Charity campaigners also want dementia care and research to get much more funding. Diseases which affect brains tend to come off worse in the competition for resources, especially for charitable giving. As well as funds, researchers need volunteers for studies, including younger adults (if you are in the United Kingdom you can volunteer at Join Dementia Research). Dementia research needs all the help it can get, because this is an immensely challenging and complex problem to solve.

Just why is dementia so difficult? One reason is of course the sheer complexity of human brains. Dementia research must consider not only the interactions of billions of neurons and trillions of synapses, with all their proteins, lipids, ions, and genetic material, but also the roles of non-neuronal brain cells such as microglia, astrocytes, and oligodendrocytes. There is still much to do, for instance, to sort out the contributions of cholesterol signalling, or understand whether, and when, microglia in neurodegenerative disorders are helping the brain and/or harming it.

Until recently we have not had the tools to assess the leading hypotheses about what underlies dementia in human beings.

Another reason, as so often in science, is to do with methods. Until recently we have not had the tools to assess the leading hypotheses about what underlies dementia in human beings. In addition, several of the brain regions which may be crucial early sites of damage in dementia are buried deep in the brain, making them hard to study. There has also been a chronic shortage of donor brains for pathological analysis.

Now, however, technical advances are having a gigantic impact on the field. New imaging techniques can ‘see’ key brain proteins, or changes in microglia, astrocytes, and the white matter which connects brain regions, in living people. Speedier mass analysis of genes and proteins has facilitated the search for mechanisms. Neuroimaging can look at functional connectivity – networking between different parts of the brain. And new ways of obtaining cell samples, such as making microglia from stem cells, look set to overcome many of the problems with older in vitro studies.

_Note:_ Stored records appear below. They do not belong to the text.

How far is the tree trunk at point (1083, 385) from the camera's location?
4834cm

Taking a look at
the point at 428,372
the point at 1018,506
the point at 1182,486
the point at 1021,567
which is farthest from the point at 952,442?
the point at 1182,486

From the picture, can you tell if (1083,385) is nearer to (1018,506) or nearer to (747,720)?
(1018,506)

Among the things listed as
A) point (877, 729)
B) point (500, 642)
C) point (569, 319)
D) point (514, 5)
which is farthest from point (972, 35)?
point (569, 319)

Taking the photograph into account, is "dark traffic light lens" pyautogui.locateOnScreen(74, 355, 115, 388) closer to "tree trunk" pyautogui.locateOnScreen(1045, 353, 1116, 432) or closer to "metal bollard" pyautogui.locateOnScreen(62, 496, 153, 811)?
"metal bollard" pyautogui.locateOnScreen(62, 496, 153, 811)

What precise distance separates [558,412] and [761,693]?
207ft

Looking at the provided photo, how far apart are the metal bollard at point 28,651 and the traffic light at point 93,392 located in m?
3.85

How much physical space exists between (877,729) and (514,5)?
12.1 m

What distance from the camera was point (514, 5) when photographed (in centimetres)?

A third reason why dementia is so hard a challenge is that its science must extend beyond the brain: this condition is a whole-body disorder. Here again, considerable advances have been made lately in understanding how problems with other organs, such as the heart and pancreas, can push an ageing brain towards degeneration. Alongside this, we now have a much better understanding of the risk factors which may raise our chances of getting dementia in old age.

Perhaps the most important conclusion to have emerged from research so far is that the processes underlying dementia seem to start long before the disorder becomes apparent. Very long before: decades, not years. That is a huge problem for any cure – should one emerge from the clinical trials currently in progress – because new drugs are usually extremely expensive. Given how many people are at risk of dementia, the costs of having to treat them all for, say, 20 years before symptoms appear – and it might be longer – are unaffordable. And if the drugs have unpleasant side effects, the prospect for patients isn’t great either.

Yet thinking of dementia as a whole-body condition brings the hope that looking after our physical health can help stave off later problems. For now, we cannot cure dementia. We can however try to delay it until, to be blunt, we die of something else. Research suggests that dementia rates may already be leveling off in Britain and Europe because fewer people are smoking and getting heart disease. Eating healthily, taking plenty of exercise, staying sociable … all the familiar things we’re told to do to keep our hearts in good condition apply to our brains as well, and more so as we age.

Lifestyle changes aren’t easy. While we await a cure, though, they’re our best hope of avoiding the shadows of dementia.